A new study led by the University of Otago found that getting good quality sleep, eating more raw fruits and vegetables, and exercising regularly helps people achieve and maintain better mental health and well-being.
The research, published in the journal Frontiers in Psychology, surveyed more than 1100 young adults from the United States and New Zealand regarding their sleep, diet, physical activity, and mental health.
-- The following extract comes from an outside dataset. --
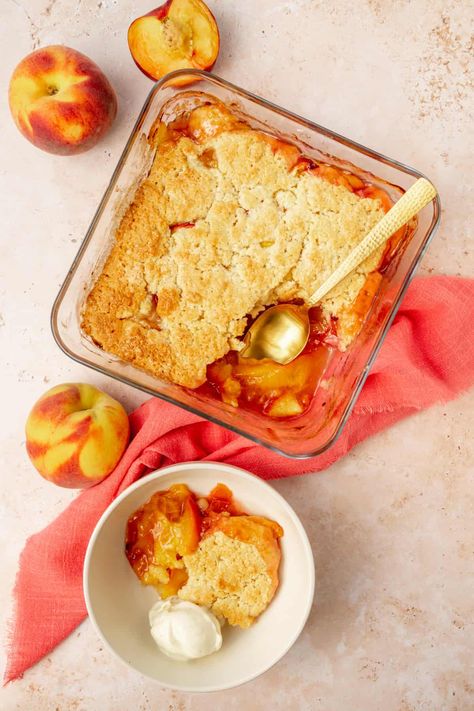 Vegan Peach Cobbler - Vegan Dessert Ideas Dairy Free Cobbler, Vegan Dessert Ideas, Vegan Cobbler, Summer Baking Recipes, Vegan Peach Cobbler, Peach Filling, Vegan Peach, Best Summer Desserts, Easy Peach Cobbler Recipe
Leading to Good Mental Health and Well-Being
The lead author of the study, Shay-Ruby Wickham, says that the team found sleep quality – and not sleep quantity – was the most powerful predictor of well-being and mental health.
“This is surprising because sleep recommendations predominantly focus on quantity rather than quality. While we did see that both too little sleep – less than eight hours – and too much sleep – more than 12 hours – were associated with higher depressive symptoms and lower well-being, sleep quality significantly outranked sleep quantity in predicting mental health and well-being,” Wickham explained.
She continued: “This suggests that sleep quality should be promoted alongside sleep quantity as tools for improving mental health and well-being within young adults.”
The Three Pillars of Health
As per the study, depressive manifestations were lower for young adults who slept 9.7 hours per night, and well-being feelings were highest for those who slept eight hours a night.
Well-being was also highest for people who consumed 4.8 servings of raw fruit and vegetables per day – those who reported eating less than two servings or more than eight servings had lower well-being feelings.
“Sleep, physical activity, and a healthy diet can be thought of as three pillars of health, which could contribute to promoting optimal well-being among young adults, a population where the prevalence of mental disorders is high, and well-being is suboptimal,” Wickham says.
Associate Professor Tamlin Conner of the Department of Psychology and senior author of the study added that most previous studies assay these health behaviors separately.
“We showed that they are all important for predicting which young adults are flourishing versus suffering,” she said.